Agosto E. Peñaflor (43)
Volmatroos
Ik kom uit Manilla in de Filippijnen. Toen ik een kind was, vroegen mensen mij wat ik wilde worden. Elke keer antwoordde ik zeeman, al had ik geen idee wat een zeeman is of doet. Ik kende geen zeelieden en onze stad ligt niet bij de zee. Toch is het me gelukt zeeman te worden.
Dankzij een internationale organisatie die arme kinderen steunt, de Asmae Association Soeur Emmanuelle, kon ik naar school aan het Philippines Maritime Institute in Manilla. Ik ben ze erg dankbaar, want zij betaalden mijn opleiding, zodat ik nu een zeeman ben.
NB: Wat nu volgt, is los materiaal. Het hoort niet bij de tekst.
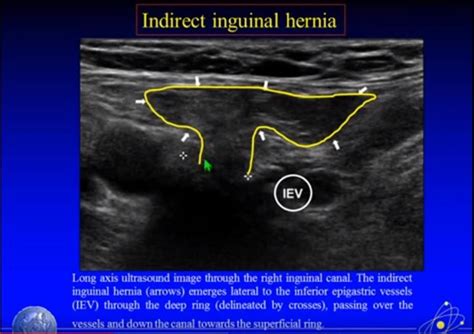 www.tomwademd.net ultrasound-imaging-of-hernia-parts-1-2-of-4-a-youtube ...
Meer van mijn klasgenoten kregen hun opleiding betaald door de vereniging. Wij hebben een grote kans gekregen op een beter leven.
Ik moest steeds twee uur reizen om van huis bij school te komen. Overdag verkocht ik chocolade, plastic of rietjes in een klein winkeltje om het vervoer naar school te betalen. Ik zag wel eens rijke studenten langskomen. Zij droegen dure kleren en goede schoenen en ze roken lekker. Zij hadden geluk. Ik dacht wel eens aan opgeven, maar ik zei tegen mezelf: ‘Nee. Ik ben nu aan het verkopen, maar vanmiddag word ik ook weer een student.’ Als ik mijn witte uniform aantrok, voelde ik me steeds weer trots.
Toen ik klaar was met mijn examen en een baan vond, kon ik mijn ouders eindelijk vertellen dat het me gelukt was. Ik was een zeeman geworden. Ik werk nu hard op het schip, maar ik ben dankbaar.
Ik heb drie kinderen. De laatste keer dat ik verlof had, kon ik sportschoenen voor ze kopen, voor een basketbaltoernooi. Ze hoefden niet op blote voeten te sporten. Dat maakte me erg gelukkig. Ik kan mijn gezin geven wat ze nodig hebben.